Enhancing Meme Emotion Understanding with Multi-Level Modality Enhancement and Dual-Stage Modal Fusion
Yi Shi, Wenlong Meng, Zhenyuan Guo, Chengkun Wei, Wenzhi Chen
TL;DR
This work tackles Meme Emotion Understanding (MEU) by addressing two key challenges: fine-grained cross-modal fusion and mining implicit meme meanings. It introduces MemoDetector, which combines four-step textual enhancement using Multimodal Large Language Models (MLLMs)—encompassing Image Description ($ID$), Text Meaning ($TM$), Combined Implicit Meaning ($CIM$), and Context Analysis ($CA$)—with a dual-stage fusion framework that first fuses raw image and text and then deeply fuses enhanced visual and textual features via bidirectional cross-attention. The approach yields state-of-the-art results on MET-MEME and MOOD, with improvements of 4.17%/4.3% in accuracy/Macro-F1 on MET-MEME and 4.04%/3.4% on MOOD, validated through comprehensive ablations. These findings demonstrate that enriching memes with structured, multi-level textual reasoning and hierarchical fusion significantly improves MEU and offers a practical path for robust meme understanding in multimodal AI systems.
Abstract
With the rapid rise of social media and Internet culture, memes have become a popular medium for expressing emotional tendencies. This has sparked growing interest in Meme Emotion Understanding (MEU), which aims to classify the emotional intent behind memes by leveraging their multimodal contents.

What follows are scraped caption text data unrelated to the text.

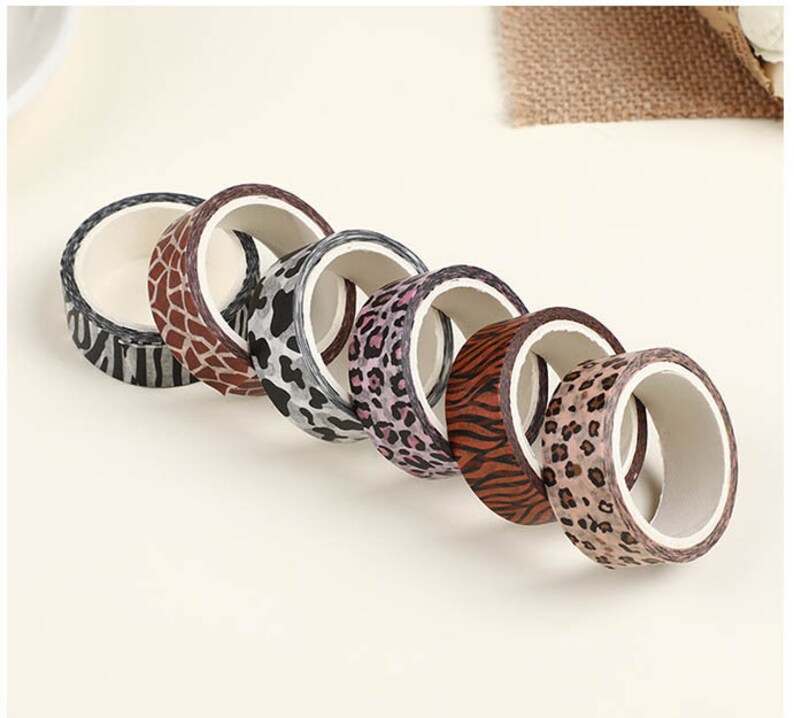 Animal Print Washi Tape 6 Rollen 1,5x50cm Leopard Zebra Giraffe Kuh Tape Planer Karten Handwerk Dekoratives Klebeband Journal Scrapbook Zubehör J1 Bild 7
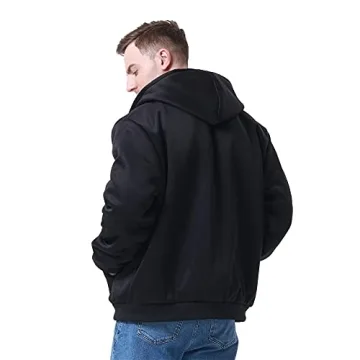 Men's Full Zip Fleece Hoodie Warm Winter Jacket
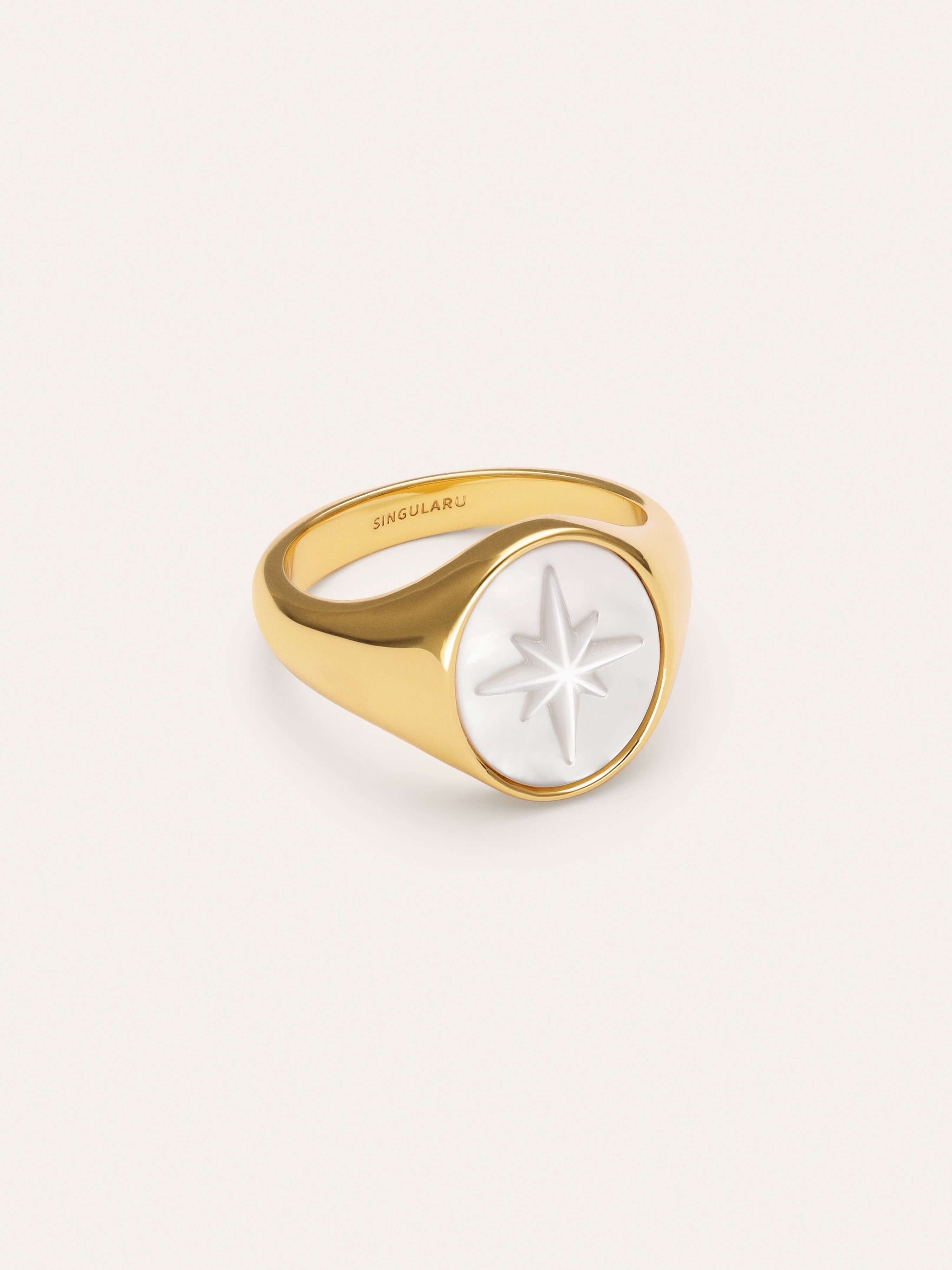 Bague Rose des Vents Nacre Plaqué Or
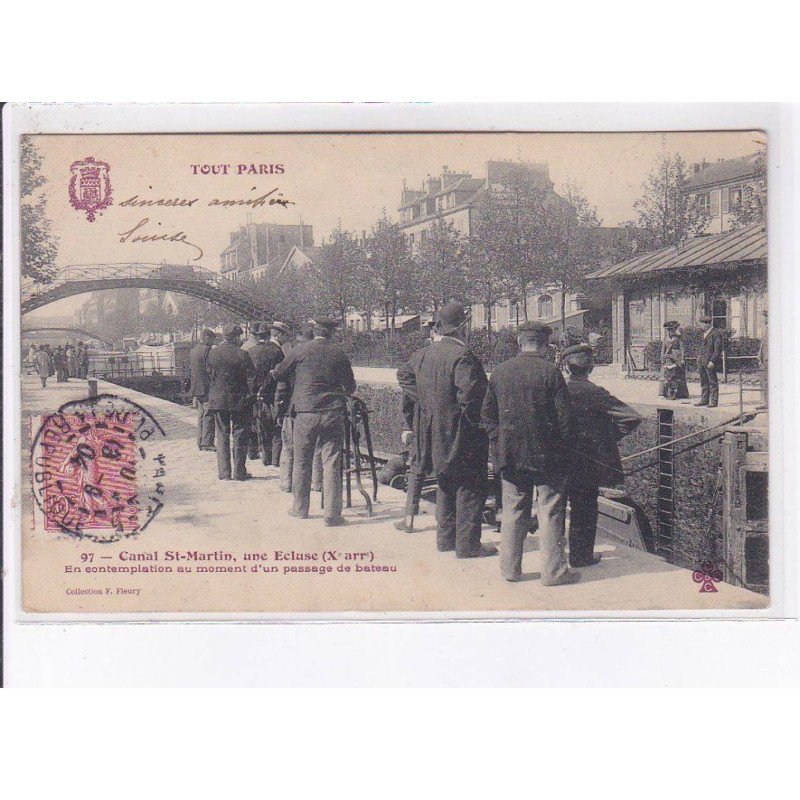 PARIS: 75010 canal saint-martin, une écluse - très bon état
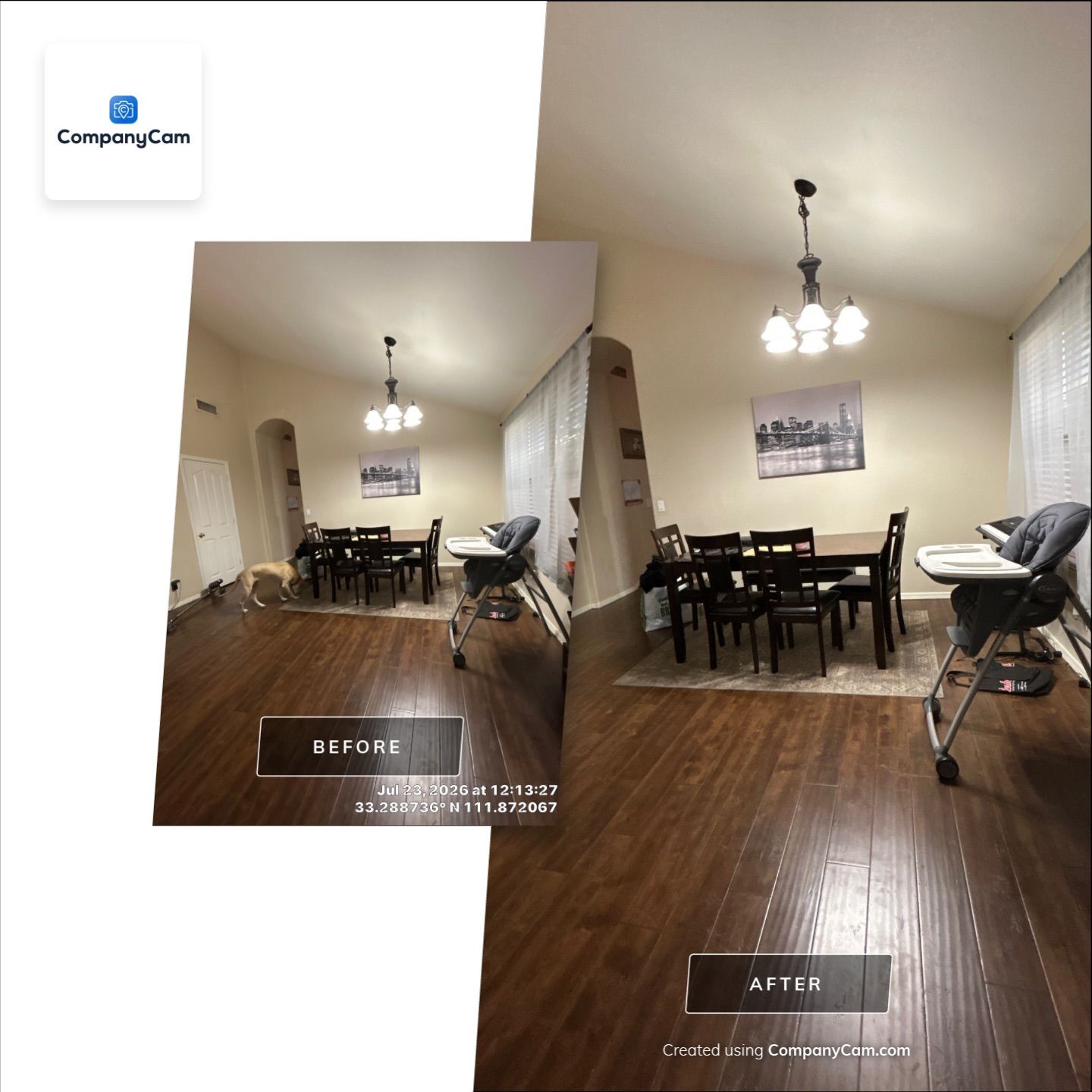 Dark Wood Laminate Flooring and Interior Renovation in Chandler by CompanyCam Sales Demo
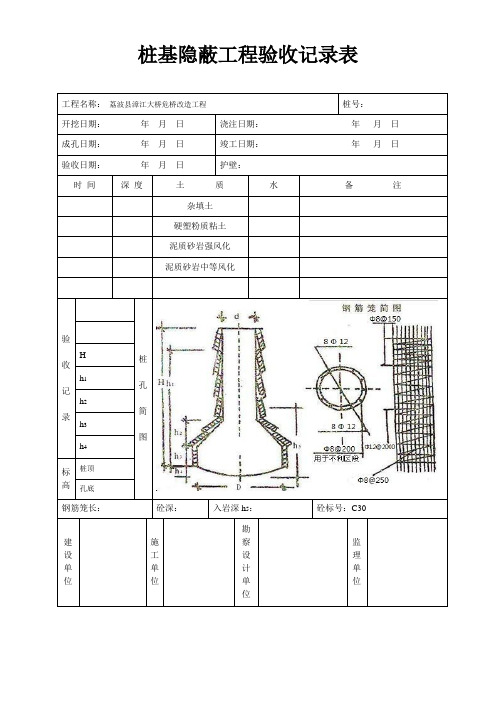 桩基隐蔽工程验收记录表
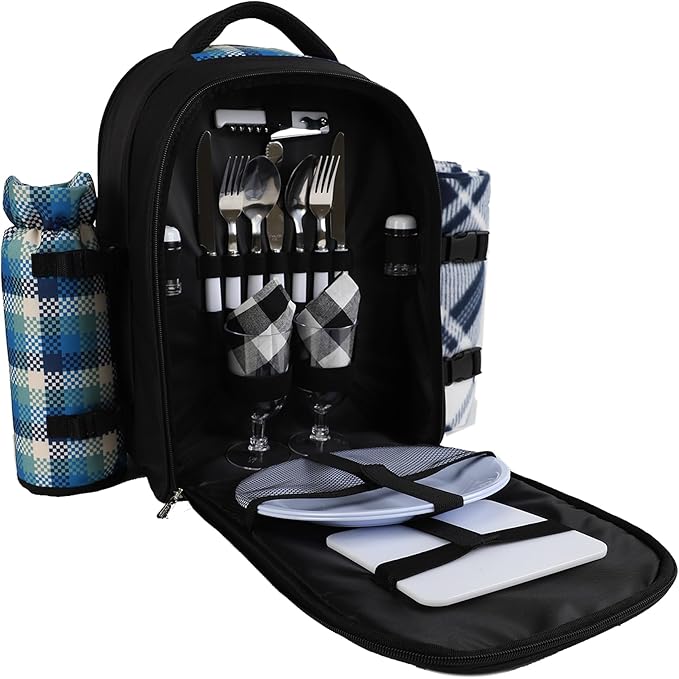 apollo walker Picnic Backpack Bag for 2 Person with Cooler Compartment, Detachable Bottle/Wine Holder, Fleece Blanket, Plates and Cutlery Set-PawvioPets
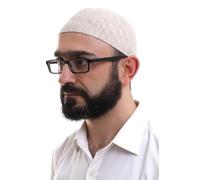 ihvan online Kufi Hats for Men, Taqiya, Takke, Turkish Muslim Winter Cross Patterned Woven Caps, Peci, Islamic Prayer Skullcap, Islamic Gifts, Cream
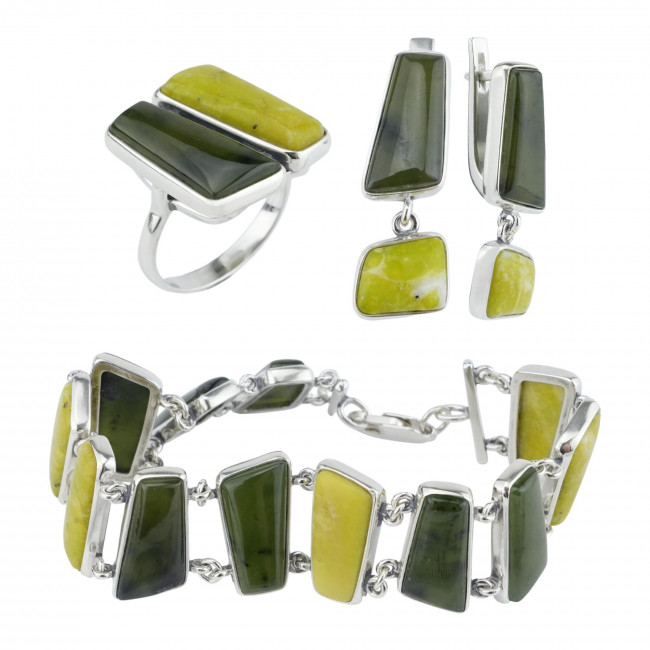 Серьги с1451 (8.79 г), серебро, зелено-желтый, зеленый, лизардит, нефрит купить в интернет-магазине Циркон С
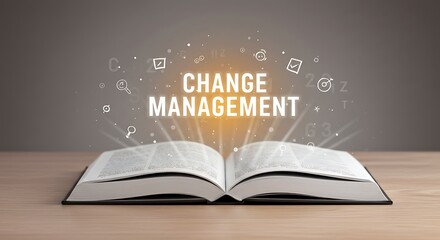 Open book with change management text and abstract icons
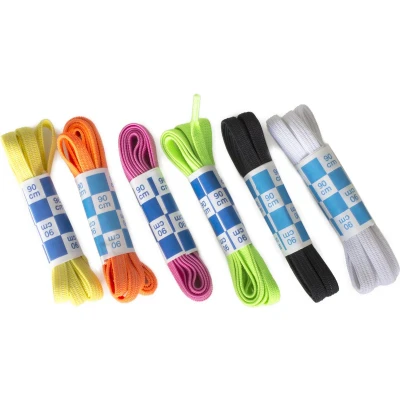 Afbeelding van Platte elastische veter 7mm breed 90cm lang Geel nooit meer strikken SL Flexies
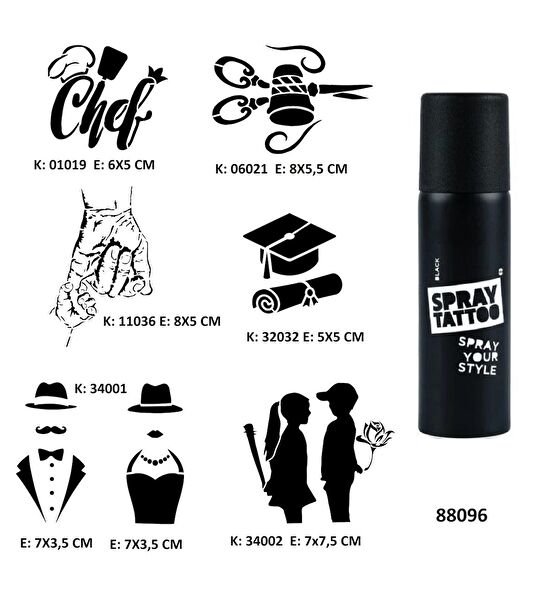 Airbrush Tattoo Geçici Dövme, Şablonları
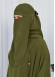 Muslim Hijab Dresses For Women -Standard Size Hooded Veiled Sheet 824 Yeşil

While existing efforts have achieved promising results, two major challenges remain: (1) a lack of fine-grained multimodal fusion strategies, and (2) insufficient mining of memes' implicit meanings and background knowledge. To address these challenges, we propose MemoDetector, a novel framework for advancing MEU. First, we introduce a four-step textual enhancement module that utilizes the rich knowledge and reasoning capabilities of Multimodal Large Language Models (MLLMs) to progressively infer and extract implicit and contextual insights from memes. These enhanced texts significantly enrich the original meme contents and provide valuable guidance for downstream classification. Next, we design a dual-stage modal fusion strategy: the first stage performs shallow fusion on raw meme image and text, while the second stage deeply integrates the enhanced visual and textual features. This hierarchical fusion enables the model to better capture nuanced cross-modal emotional cues. Experiments on two datasets, MET-MEME and MOOD, demonstrate that our method consistently outperforms state-of-the-art baselines. Specifically, MemoDetector improves F1 scores by 4.3\% on MET-MEME and 3.4\% on MOOD. Further ablation studies and in-depth analyses validate the effectiveness and robustness of our approach, highlighting its strong potential for advancing MEU. Our code is available at https://github.com/singing-cat/MemoDetector.